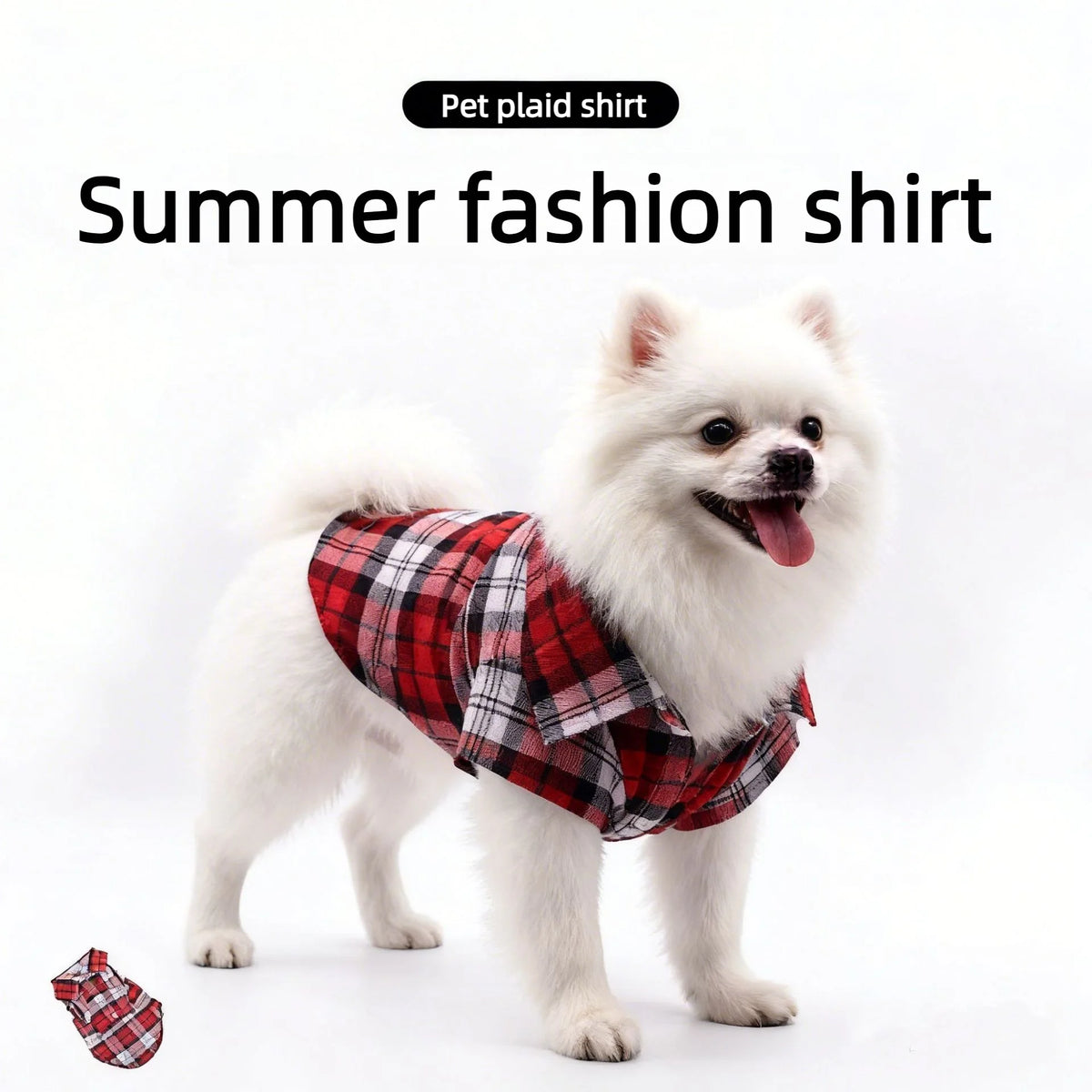 A white fluffy dog wearing a red and black plaid shirt for summer fashion.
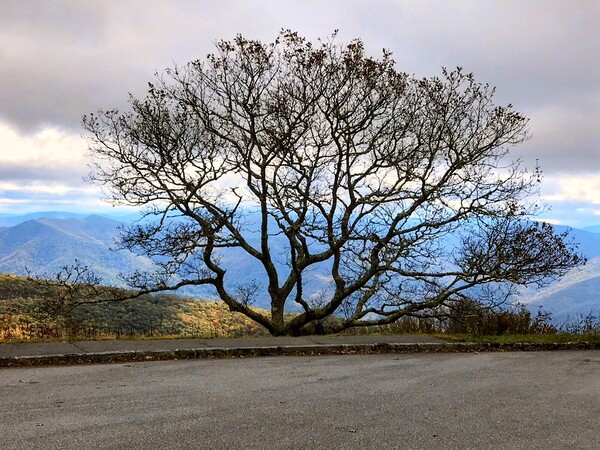 Empty Tree by Missouri Micky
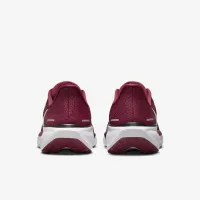 Morehouse Pegasus 41 мужские Nike College Road Running Кроссовки цвет красный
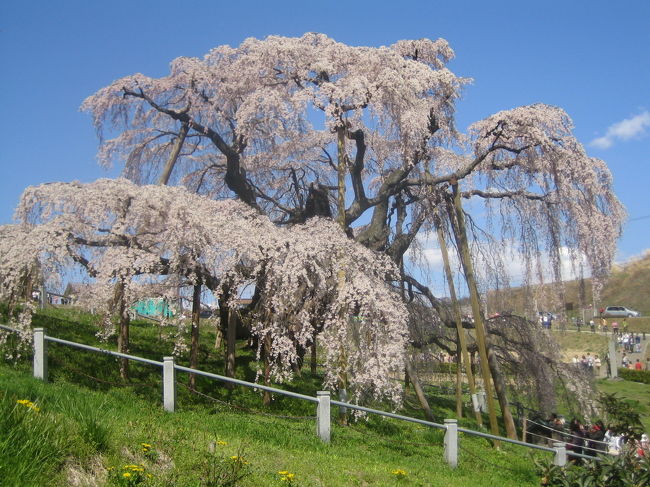 天然記念物の三春滝桜と<br />鍾乳洞・あぶくま洞へ。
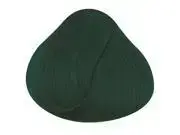 La Riche Unisex Directions Semi-Permanent Hair Color 88ml Tubs - ALPINE GREEN - One Size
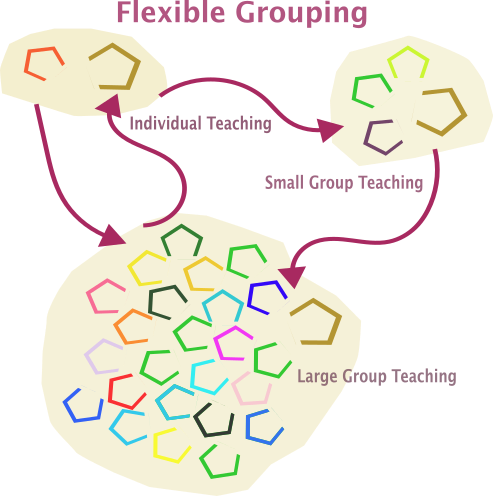 Representation of flexible grouping, from whole class to small group and individual teaching.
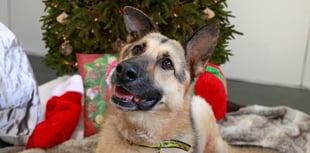 Dogs Trust delivers Christmas hope to homeless people across Devon 
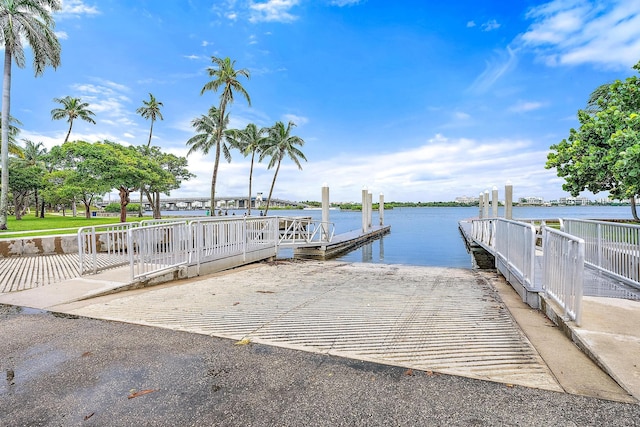 dock area with a water view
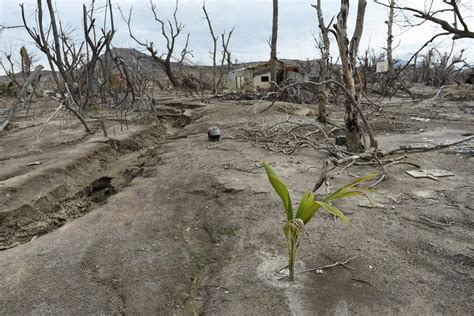 Life Goes On A Year After Taal Volcano Eruption Photos GMA News Online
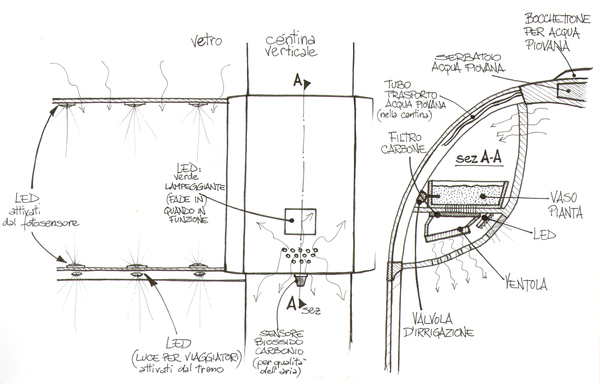 intelligence，irrigation，Botany，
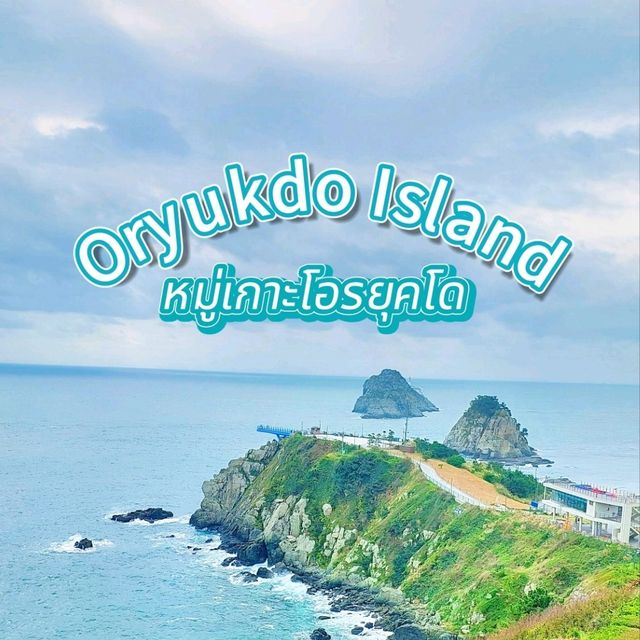 เที่ยวเกาะ 🏝 Oryukdo Island @Busan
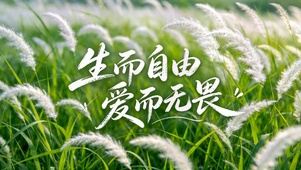 生而自由爱而无畏清新草地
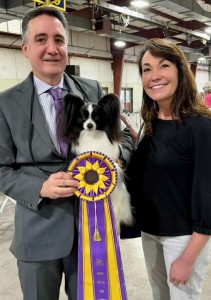 Flolin Andali Follow The Son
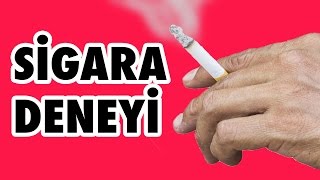 Elektrik Süpürgesine Sigara İçirdik - Sigaranın Zararını Görün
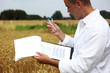Foto: Wissenschaftler im Kornfeld Wissenschaftler im Kornfeld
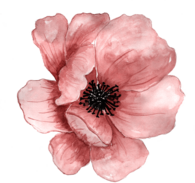 Beautiful Pink Flower Drawing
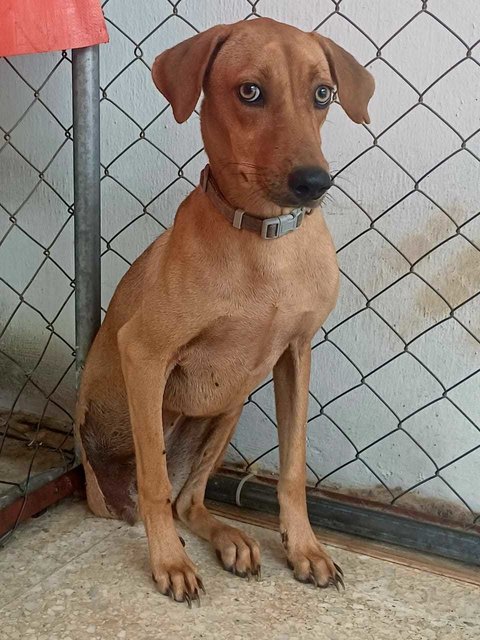 Tripod Champ Needs A Home - Mixed Breed Dog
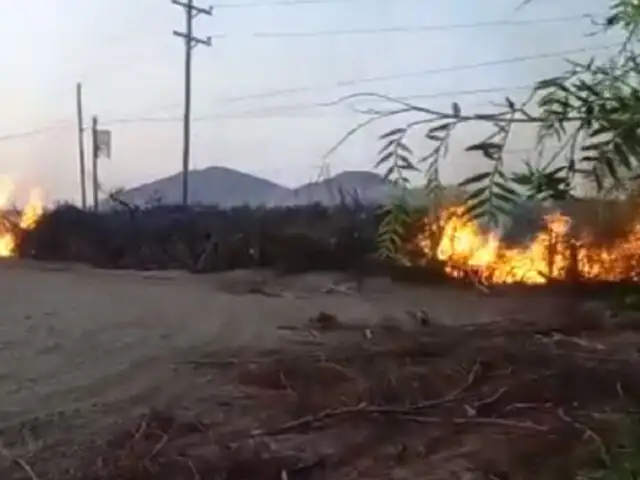 Golpearon y amenazaron a trabajadores: vándalos incendian y destruyen fundos agrícolas en Ica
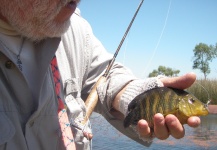 Fly-fishing Image of Chameleon Cichlid shared by Roberto Garcia – Fly dreamers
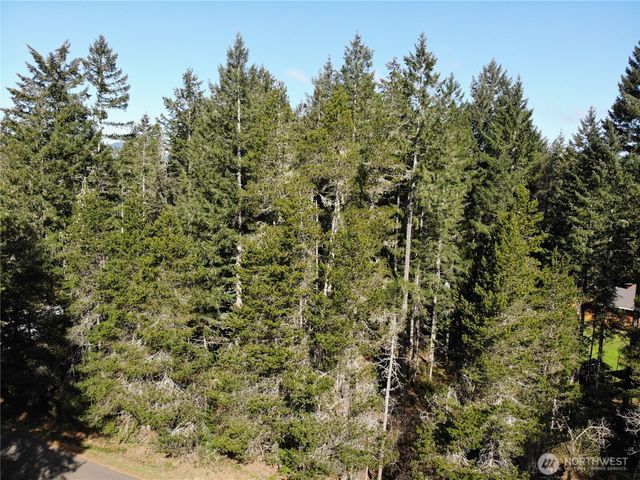 21 N Varden Way, Hoodsport, WA 98548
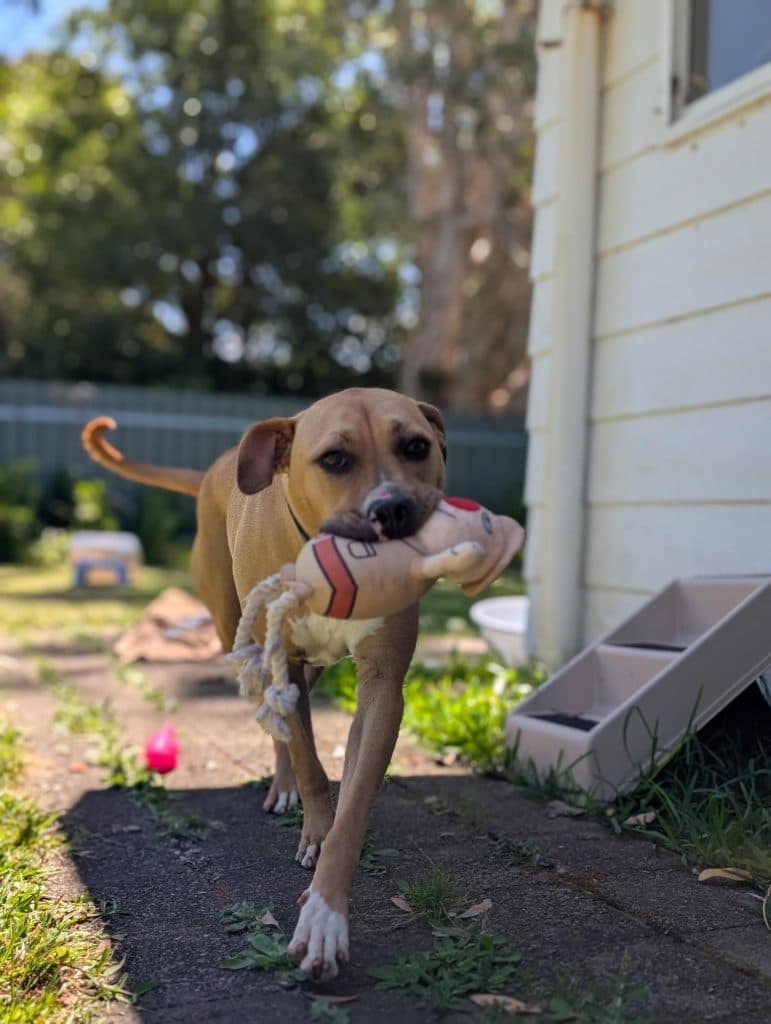 Naomi - Mastiff available for adoption at RSPCA NSW in Calgary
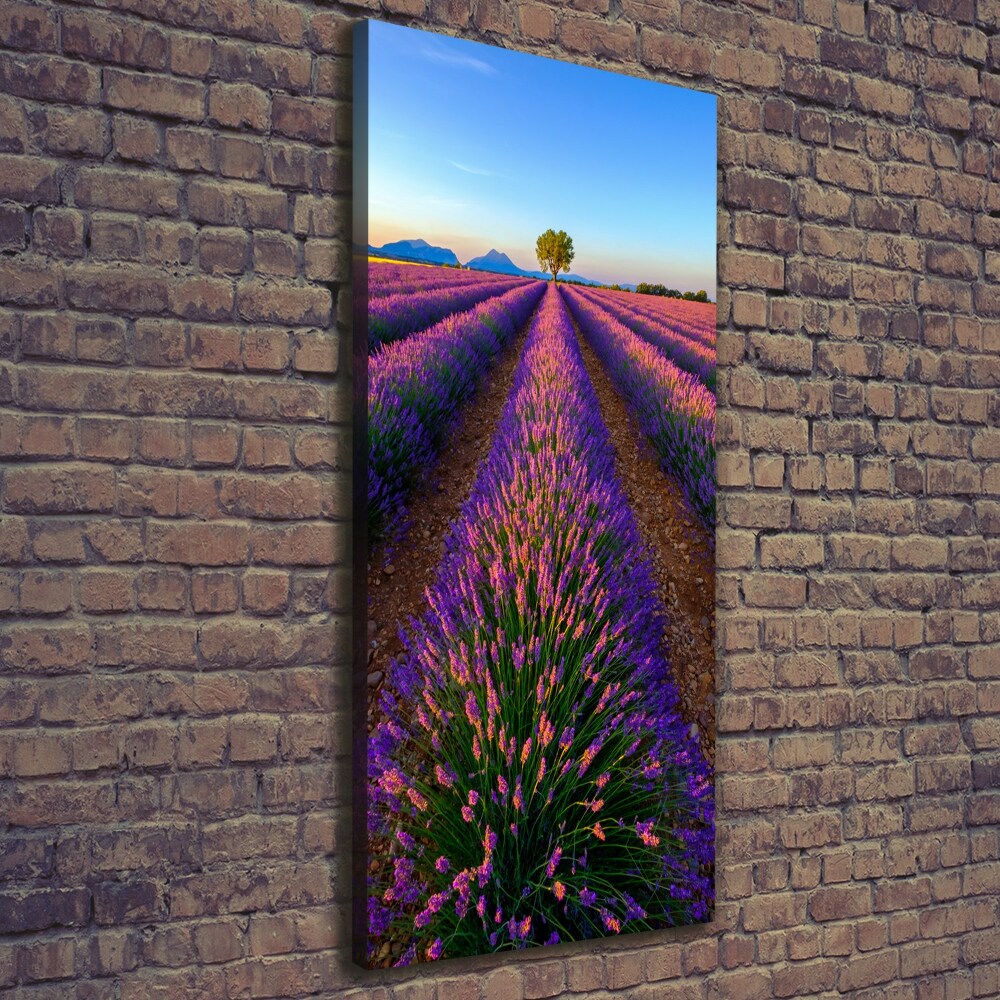 Tableau sur toile Fleurs violettes de lavande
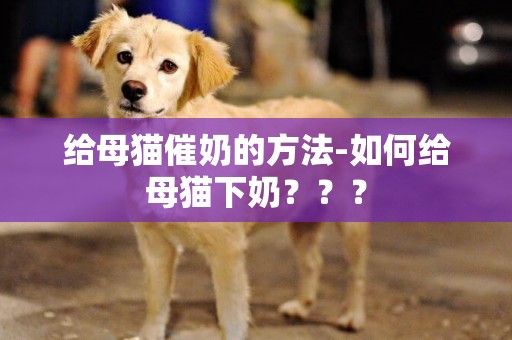 給母貓催奶的方法-如何給母貓下奶？？？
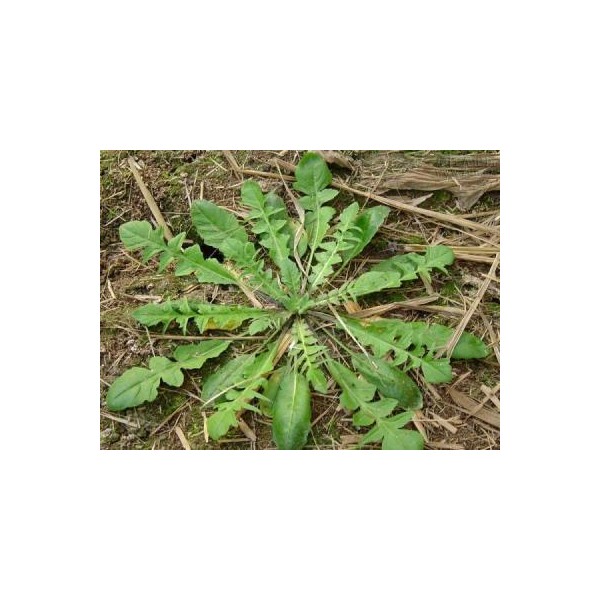 菊花脑种子价格 野生特菜 荠菜种子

----

Without the pictures, restate all of the entries word for word.

 A white fluffy dog wearing a red and black plaid shirt for summer fashion.
 Empty Tree by Missouri Micky
 Morehouse Pegasus 41 мужские Nike College Road Running Кроссовки цвет красный
 天然記念物の三春滝桜と<br />鍾乳洞・あぶくま洞へ。
 La Riche Unisex Directions Semi-Permanent Hair Color 88ml Tubs - ALPINE GREEN - One Size
 Representation of flexible grouping, from whole class to small group and individual teaching.
 Dogs Trust delivers Christmas hope to homeless people across Devon 
 dock area with a water view
 Life Goes On A Year After Taal Volcano Eruption Photos GMA News Online
 intelligence，irrigation，Botany，
 เที่ยวเกาะ 🏝 Oryukdo Island @Busan
 生而自由爱而无畏清新草地
 Flolin Andali Follow The Son
 Elektrik Süpürgesine Sigara İçirdik - Sigaranın Zararını Görün
Foto: Wissenschaftler im Kornfeld Wissenschaftler im Kornfeld
 Beautiful Pink Flower Drawing
 Tripod Champ Needs A Home - Mixed Breed Dog
 Golpearon y amenazaron a trabajadores: vándalos incendian y destruyen fundos agrícolas en Ica
 Fly-fishing Image of Chameleon Cichlid shared by Roberto Garcia – Fly dreamers
 21 N Varden Way, Hoodsport, WA 98548
 Naomi - Mastiff available for adoption at RSPCA NSW in Calgary
 Tableau sur toile Fleurs violettes de lavande
 給母貓催奶的方法-如何給母貓下奶？？？
 菊花脑种子价格 野生特菜 荠菜种子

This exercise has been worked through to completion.